--- Extracted information ---
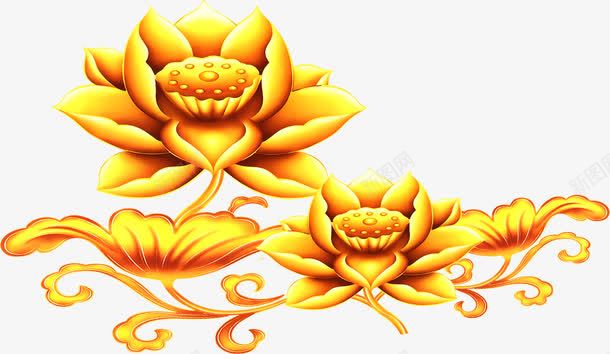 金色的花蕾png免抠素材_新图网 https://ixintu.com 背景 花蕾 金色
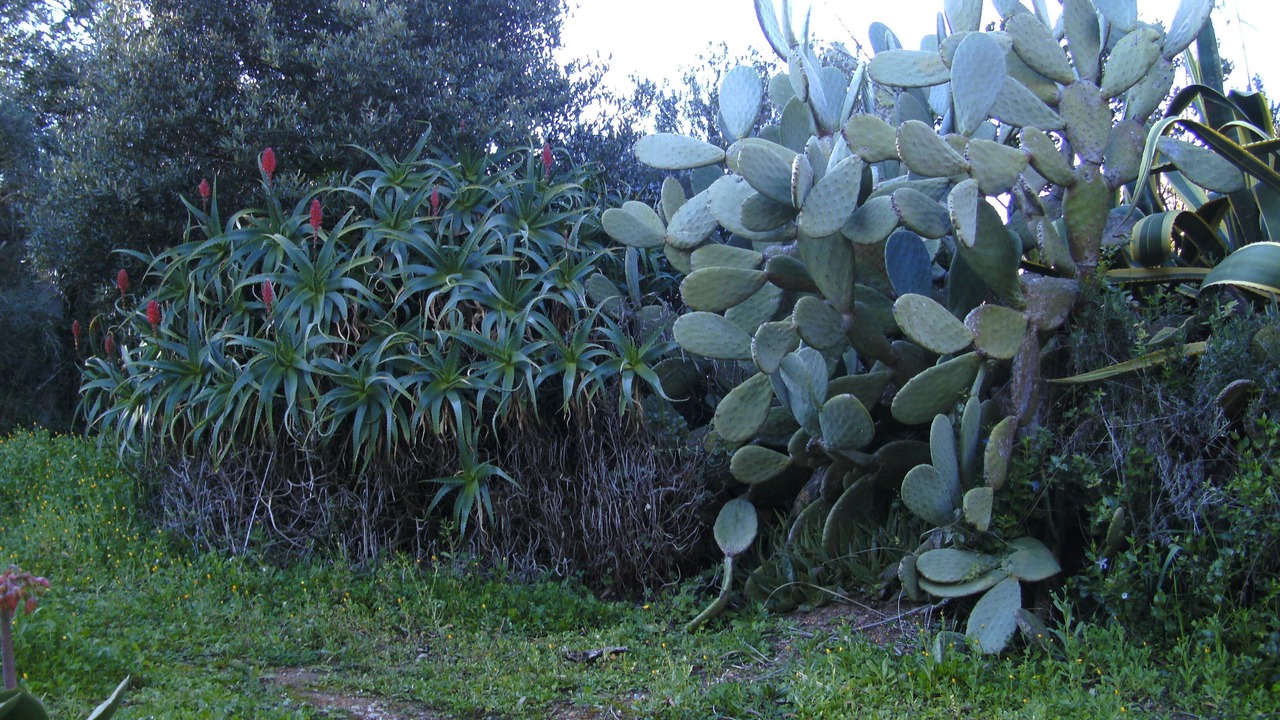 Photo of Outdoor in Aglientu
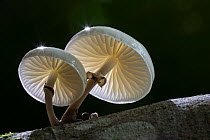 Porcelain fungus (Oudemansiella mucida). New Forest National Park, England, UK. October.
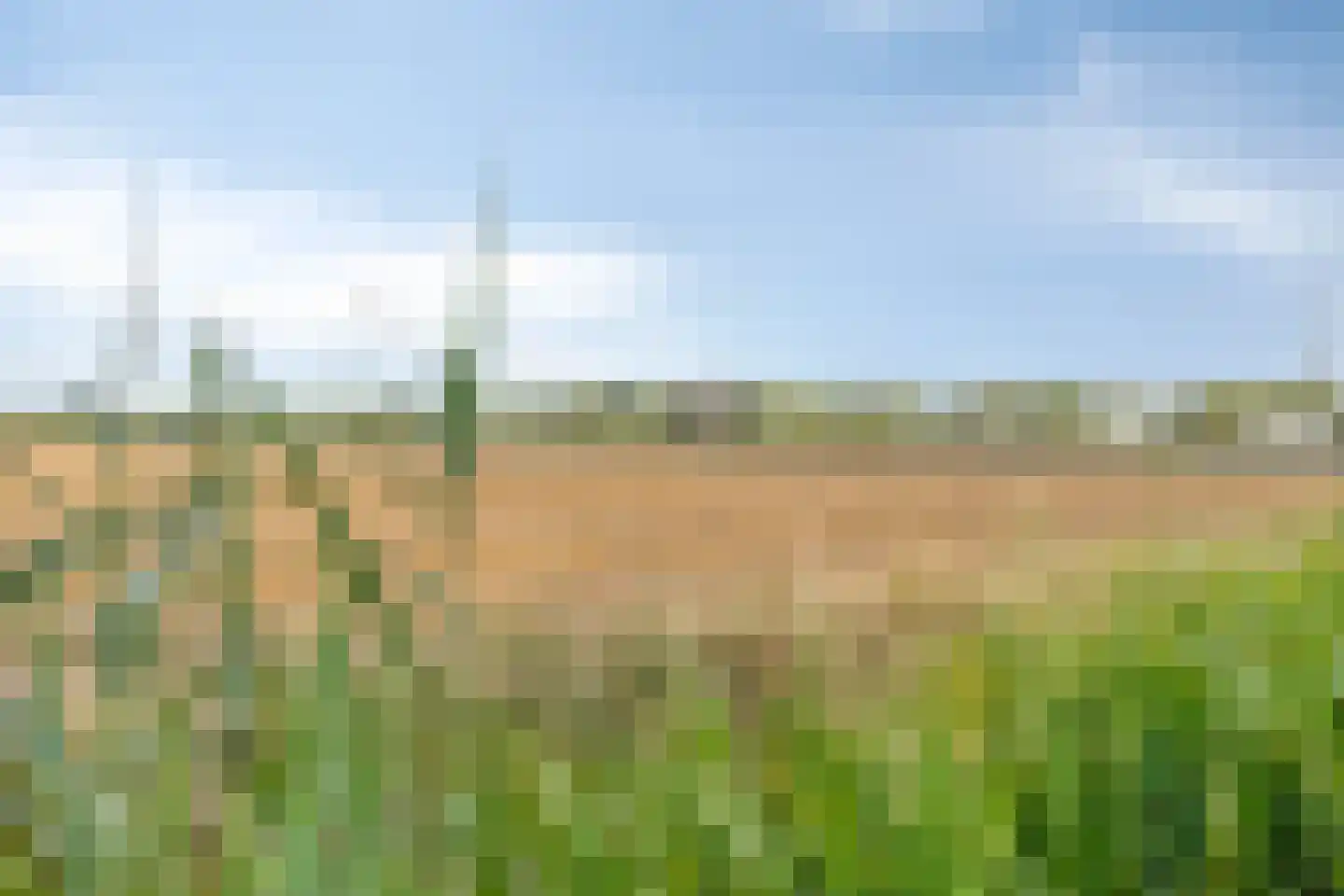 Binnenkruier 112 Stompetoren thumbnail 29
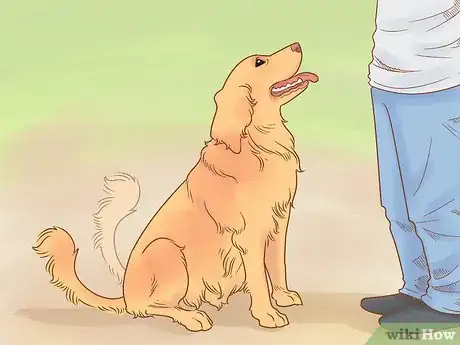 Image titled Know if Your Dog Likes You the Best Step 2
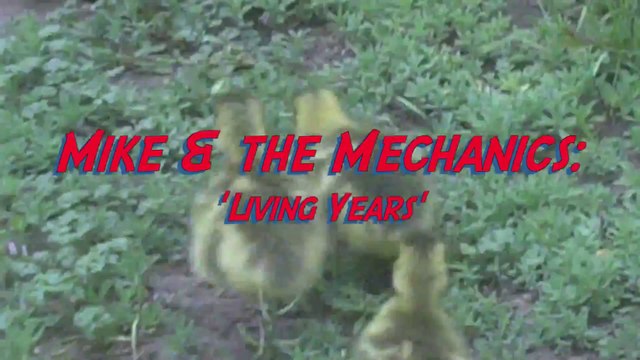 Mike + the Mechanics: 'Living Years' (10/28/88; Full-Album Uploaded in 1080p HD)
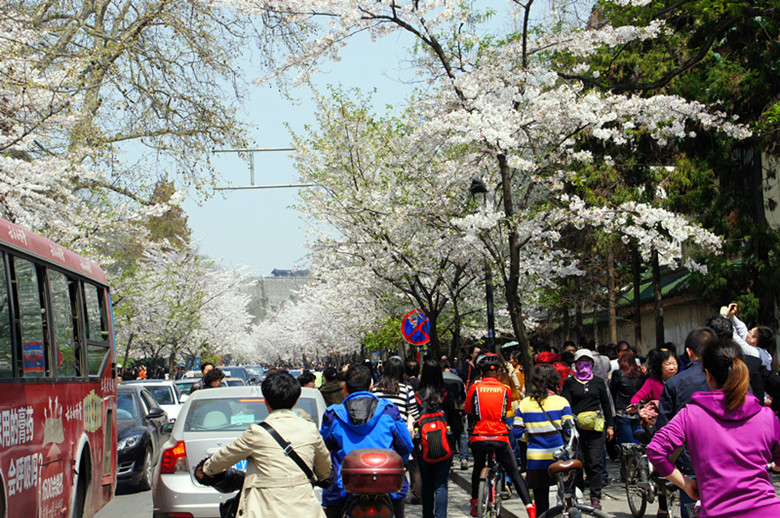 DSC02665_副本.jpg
---
--- Extracted information ---
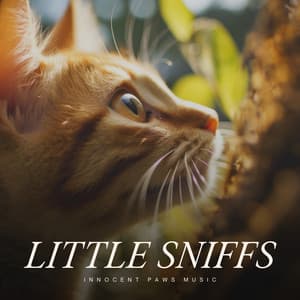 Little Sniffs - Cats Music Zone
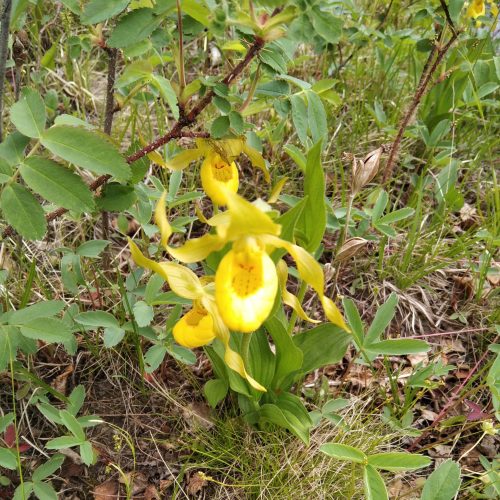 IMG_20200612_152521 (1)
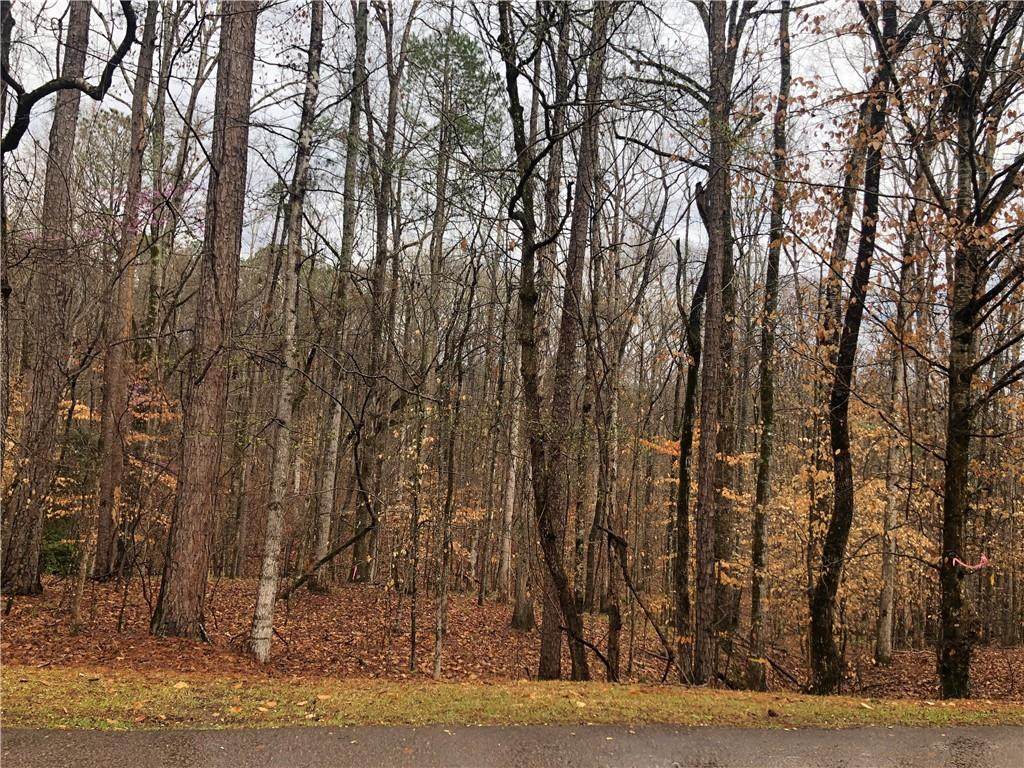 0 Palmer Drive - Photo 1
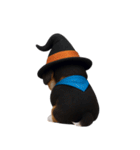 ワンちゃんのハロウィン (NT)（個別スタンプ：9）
---
--- Extracted information ---
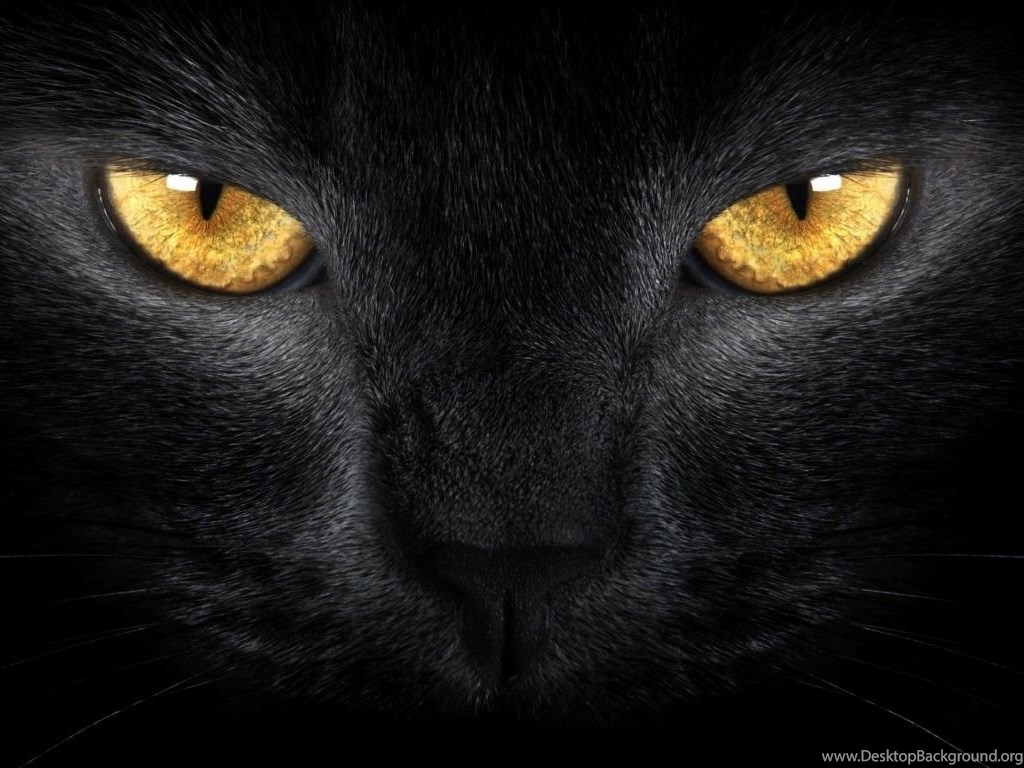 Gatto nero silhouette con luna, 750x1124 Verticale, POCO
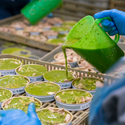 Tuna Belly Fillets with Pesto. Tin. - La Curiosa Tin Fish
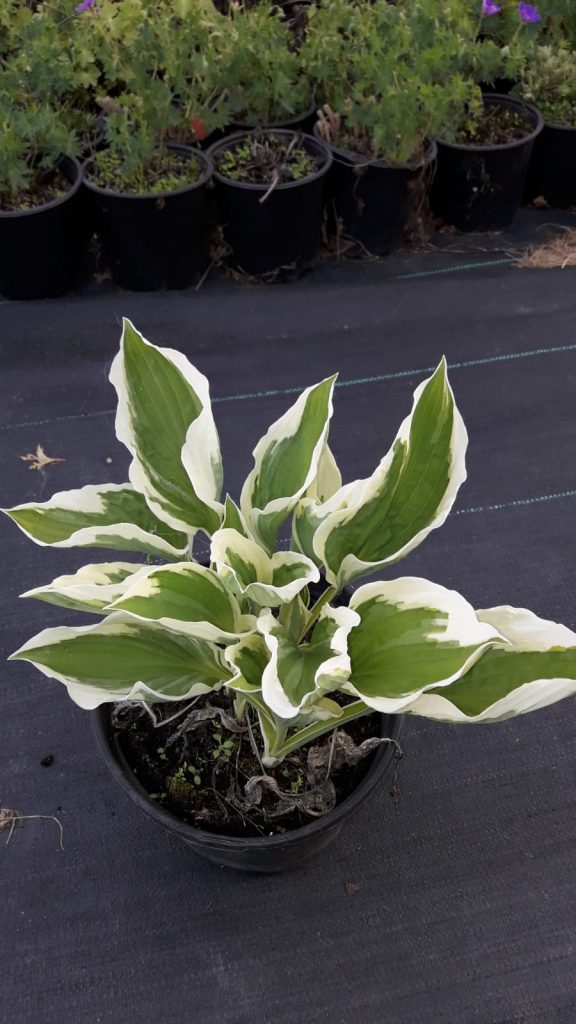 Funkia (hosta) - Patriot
---
- _Task item_
Using the data above, retype exactly and only the lines from the one containing "金色的花蕾png免抠素材_新图网 https://ixintu.com 背景 花蕾 金色" up to and including the one containing "DSC02665_副本.jpg", with no pictures carried over.

- _Reply to the task_
 金色的花蕾png免抠素材_新图网 https://ixintu.com 背景 花蕾 金色
 Photo of Outdoor in Aglientu
 Porcelain fungus (Oudemansiella mucida). New Forest National Park, England, UK. October.
 Binnenkruier 112 Stompetoren thumbnail 29
 Image titled Know if Your Dog Likes You the Best Step 2
 Mike + the Mechanics: 'Living Years' (10/28/88; Full-Album Uploaded in 1080p HD)
 DSC02665_副本.jpg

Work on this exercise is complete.